Exercise requirements:
Here are records with pictures in them. Copy all of them exactly and leave the pictures out.

────────────────

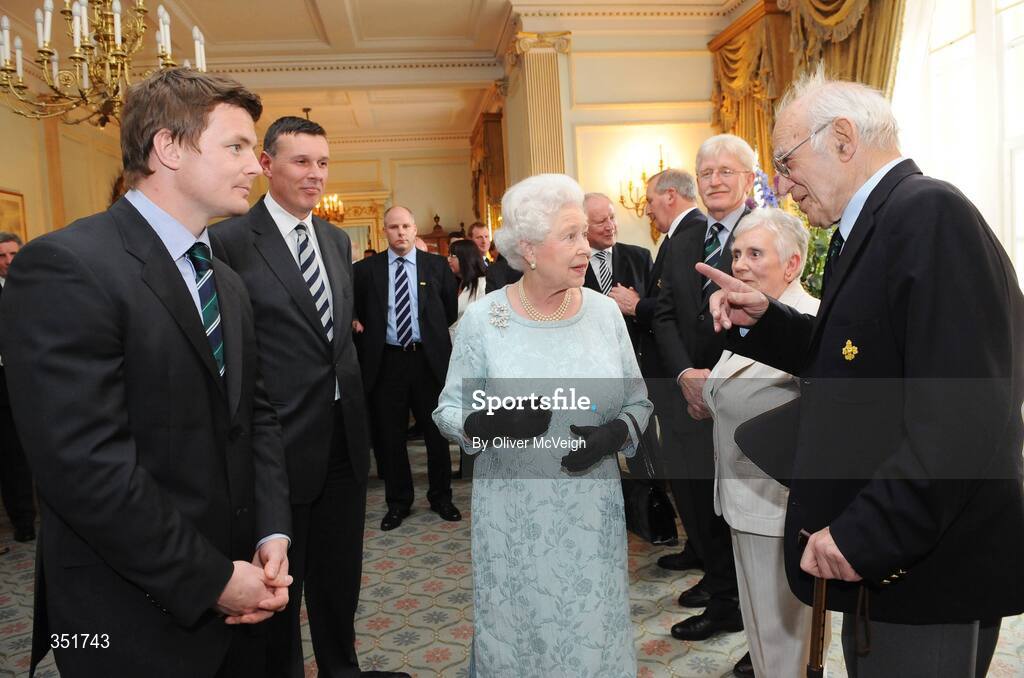 7 May 2009; Her Majesty the Queen is introduced to 1948 Ireland Grand Slam team member Jimmy Nelson, in the company of 2009 team captain Brian O'Driscoll and Philip Browne, Chief Executive of the IRFU, during a Civic Reception for the Ireland rugby squad. Hillsborough Castle, Hillsborough, Co. Down. Picture credit: Oliver McVeigh / SPORTSFILE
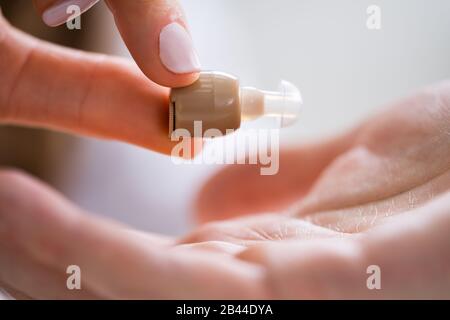 Cropped Image Of Female Doctor Giving Hearing Aid To Male Patient In Clinic Stock Photo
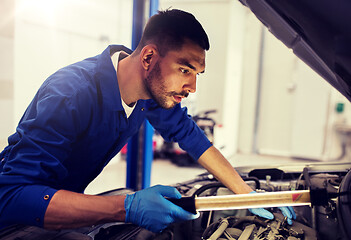 Image showing mechanic man with lamp repairing car at workshop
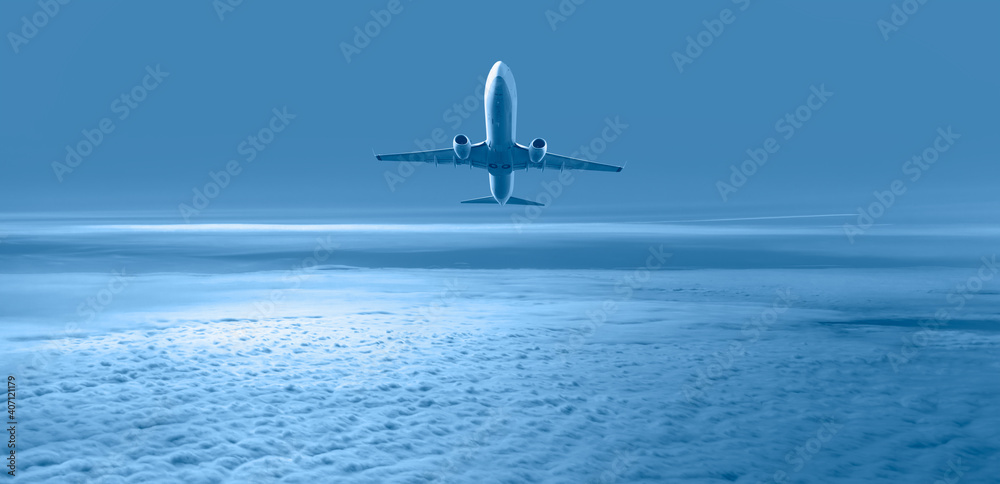 Fototapeta premium White passenger airplane over the clouds - Travel by air transport
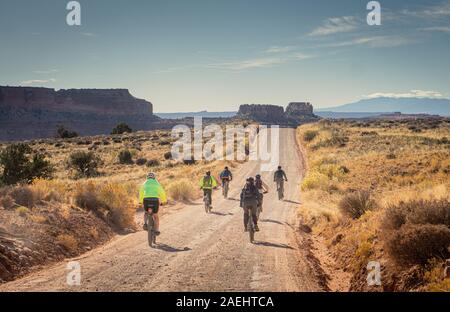 Cyclist on a road in Canyonlands National Park as they begin riding the White Rim Trail. Stock Photo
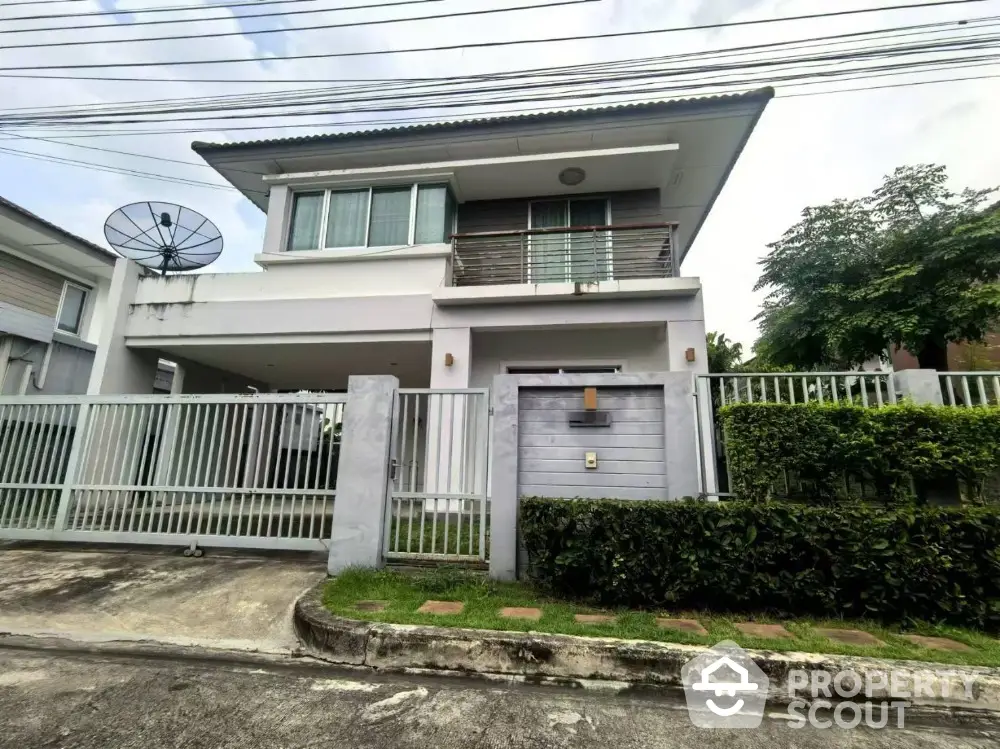 Modern two-story house with balcony and gated entrance in suburban neighborhood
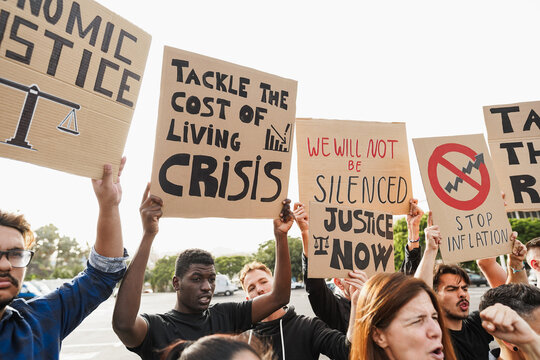 Crowd of multiracial people protest against inflation and financial crisis - Protesters marching for rise cost of living - Main focus on african guy face - UGC content
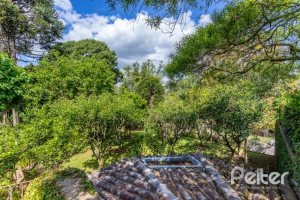 Casa em Condomínio à venda com 600m², 5 dormitórios, 5 suítes, 4 vagas, no bairro Cavalhada em Porto Alegre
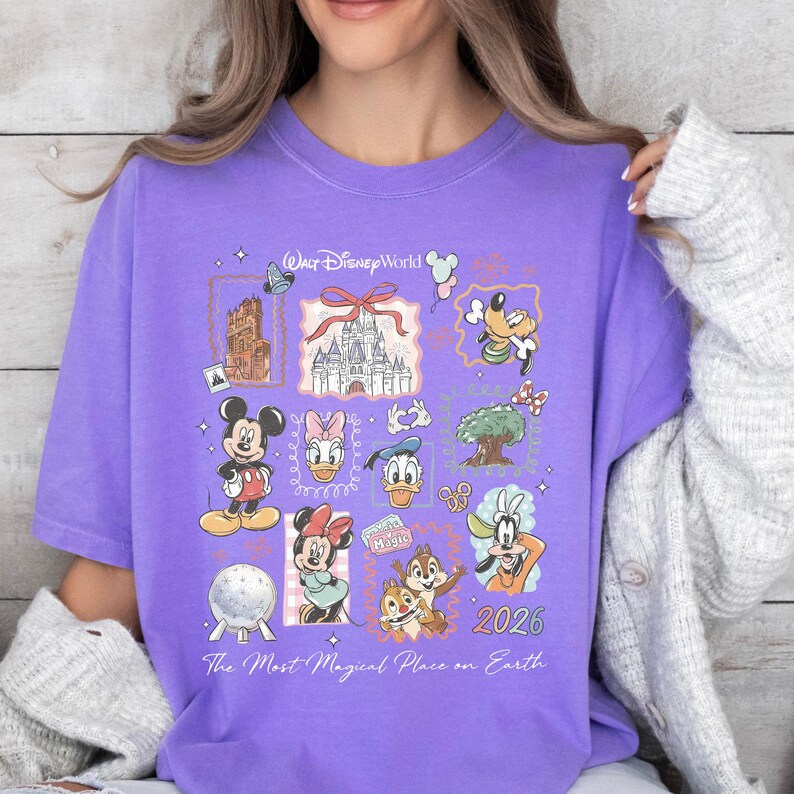 A woman wearing a purple t-shirt with various Disney characters and a castle graphic, along with the text "The Most Magical Place on Earth" and "2026".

────────────────

Written response:
 7 May 2009; Her Majesty the Queen is introduced to 1948 Ireland Grand Slam team member Jimmy Nelson, in the company of 2009 team captain Brian O'Driscoll and Philip Browne, Chief Executive of the IRFU, during a Civic Reception for the Ireland rugby squad. Hillsborough Castle, Hillsborough, Co. Down. Picture credit: Oliver McVeigh / SPORTSFILE
 Cropped Image Of Female Doctor Giving Hearing Aid To Male Patient In Clinic Stock Photo
 Image showing mechanic man with lamp repairing car at workshop
 Fototapeta premium White passenger airplane over the clouds - Travel by air transport
 Cyclist on a road in Canyonlands National Park as they begin riding the White Rim Trail. Stock Photo
 Modern two-story house with balcony and gated entrance in suburban neighborhood
 Crowd of multiracial people protest against inflation and financial crisis - Protesters marching for rise cost of living - Main focus on african guy face - UGC content
 Casa em Condomínio à venda com 600m², 5 dormitórios, 5 suítes, 4 vagas, no bairro Cavalhada em Porto Alegre
 A woman wearing a purple t-shirt with various Disney characters and a castle graphic, along with the text "The Most Magical Place on Earth" and "2026".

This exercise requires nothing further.